Day 7 - Management and analysis of genomic data

  • Data formats and missing values, data quality.
  • Allele and genotype frequency, Harry-Weinberg equilibrium, rareness and specificity.
  • Theoretical aspects of Diversity analysis.
  • Principal components analysis and multidimensional scaling. cluster analysis.

Day 8 - Bases of Genomic Selection

  • Why and how?
  • Parental Average and Mendelian sampling.
  • GS models for G×E (reaction norm models).
  • Estimation of GEBVs from marker effects.
  • RKHS and GBLUP.

Day 9 - Genome Selection with in BGLR

  • Computation of genomic relationship and genetic distances using markers.
  • Linear regression using BGLR (from shrinkage to variable selection methods).

- Review of methods for genome-enabled regression and prediction

  • GBLUP-Ridge regression.
  • RKHS.GBLUP and the Bayesian Alphabet (BL, BA, BB).
  • Estimation of marker effects.

Day 10 - Genome-Wide Association Mapping 

  • Basic concepts on GWAS.
  • Populations for GWAS studies.
  • Statistical models.

Day 11 - Practical laboratory in Diversity Analysis and Genome-Wide Association

  • Genetic Diversity Analysis using BIO-R.
  • Case study and pipeline for GWAS using Maize data.

Through lectures, practices and discussions, you will learn:

  • Basic concepts about Generalized Linear Mixed Models.
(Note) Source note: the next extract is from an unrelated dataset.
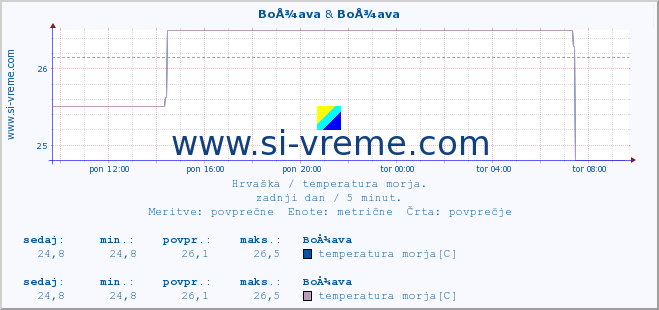 POVPREČJE :: BoÅ¾ava & BoÅ¾ava :: temperatura morja :: zadnji dan / 5 minut.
Use of computing tools for analysis of genetic experiments, analysis of multi-environmental trials with and without spatial analysis and analysis of the interaction genotype by environment.
  • Basic quantitative genetic concepts applied in Genome Selection and Plant Breeding; provide predictive models and methods in genome selection, use of software for genome selection.
  • Analysis of genetic data, data management, diversity analysis, genome wide association studies.